Densho Digital Archive
Densho Visual History Collection
Title: Lorraine Bannai Interview
Narrator: Lorraine Bannai
Interviewers: Margaret Chon (primary), Alice Ito (secondary)
Location: Seattle, Washington
Date: March 23 & 24, 2000
Densho ID: denshovh-blorraine-01-0008

<Begin Segment 8>

AI: Well, I wanted to ask one more question about your high school years. That was the time where you mentioned your father became active in city politics, and I was wondering if you'd tell a little bit about the impact on your family and you yourself. How were you involved in his campaigning?

LB: We were very much involved in his campaigning. I remember sitting in open cars at little Veterans Day parades or something, going down the street with him and posing for press campaign photos, and we canvassed door to door in the community for him, asking people to vote for him.
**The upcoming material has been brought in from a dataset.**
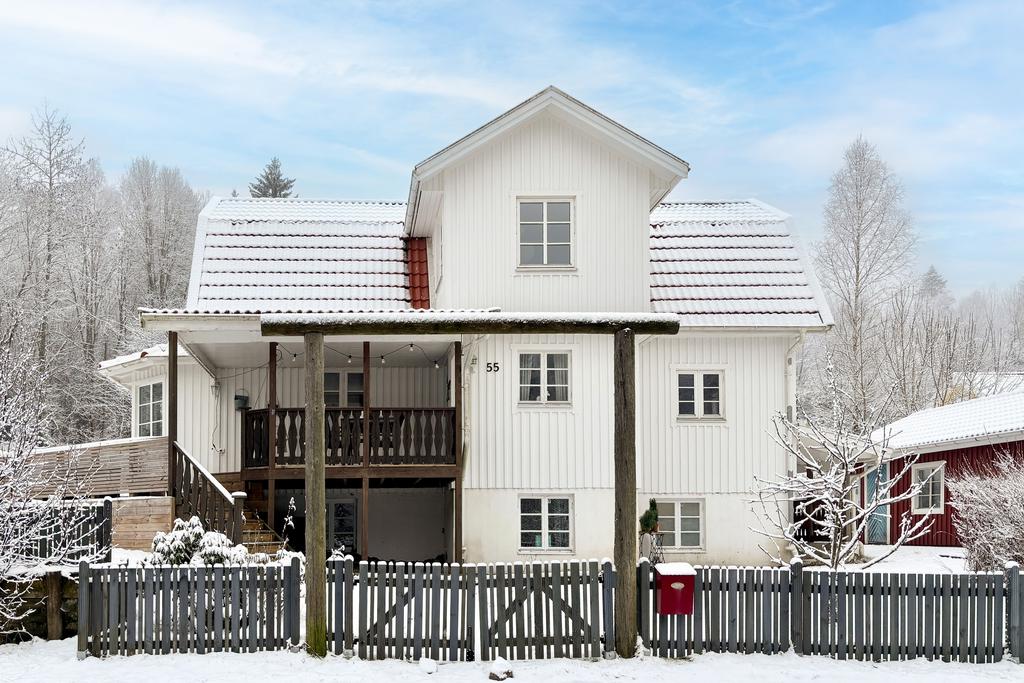 Entrésidan med veranda.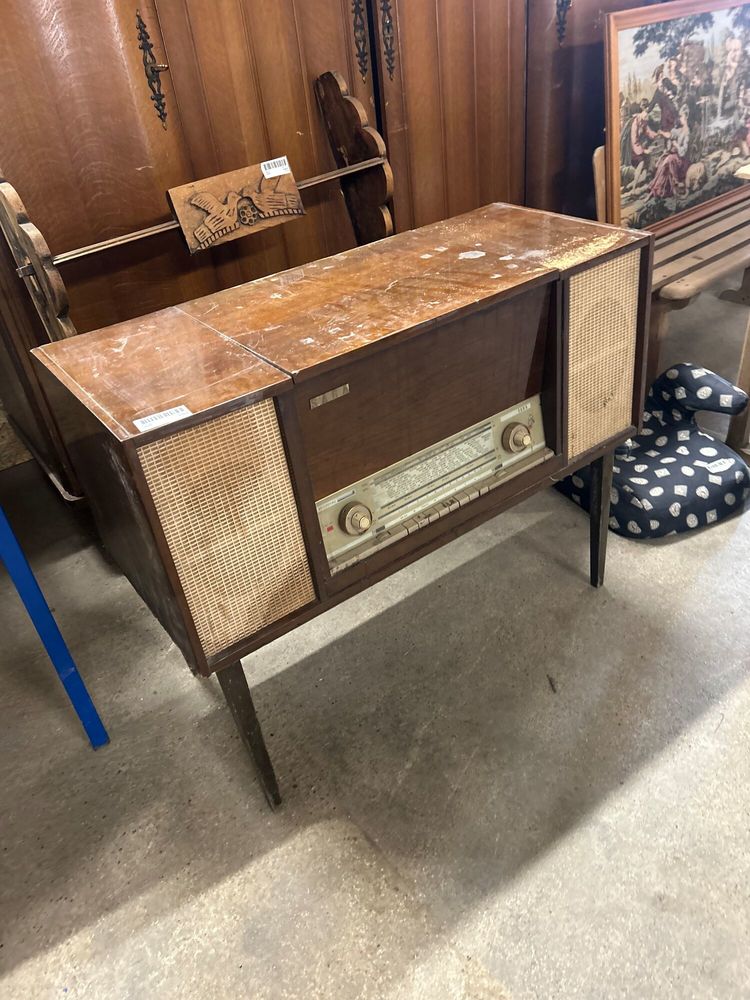 Meuble radio vintage avec rangement int�gr� ? design ann�es 0 Ruaudin (72)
So we were very much involved in it, working at campaign headquarters, stuffing envelopes, and he had little fortune cookies that had little messages inside that said, "Bannai for you in '72." I think we still have some of those fortune cookies around. And I remember packing them all up into plastic. So we were very involved in both his city council race and then later on during his assembly races. It was a good experience. I learned about the political process. I met some interesting people. I remember meeting S.I. Hayakawa and Ronald Reagan.

So I suppose one lesson I've always thought about is that that was really good for me because it really made me feel like I need not be intimidated by famous people, and in fact, famous people may not necessarily be anything more than regular folks who somehow achieved some particular office. I think that's served me well in my life, to put all that in perspective. So it was very exciting for my family that he did this, but it was also really very difficult. Suddenly -- well, he had always been very active in the community. Certainly his political office put our family very much into the public light and public scrutiny. And I know that that was really very difficult at times. People instantly thought we were very wealthy. For some reason people seem to think that when you have a parent in political office you must be a rich person. And so I did, at times, I felt that it was a disadvantage. We were still in school. We were still pretty young, still very conscious about how our peers thought about us. And so I think sometimes it was a disadvantage.

I remember I got a job at the UC Santa Barbara Bookstore when my father was in the state legislature. I recall someone telling me that someone thought I might have gotten that job through nepotism. That my father, in the California State Legislature in Sacramento would have any influence in what happened at the UC Santa Barbara Bookstore, I can't imagine, but I think there was certainly that self-consciousness that we all carried with us, that people would think that somehow we were successful because my father intervened or had someone intervene. And in fact, I really felt strongly that I didn't want to go to Hastings, and I'd rather go to a private school because I just didn't want people thinking for the rest of my life that I got into a UC school because my father got me there. Certainly when I was in high school and college and starting law school, my father was well-known in the Japanese American community, and that was a great source of pride for me. Obviously, I was very proud of him and what he had achieved. But it also could be difficult at times when you grow up being Paul Bannai's daughter and not who you are, Lori Bannai. And I think all of us experienced that in one way or another.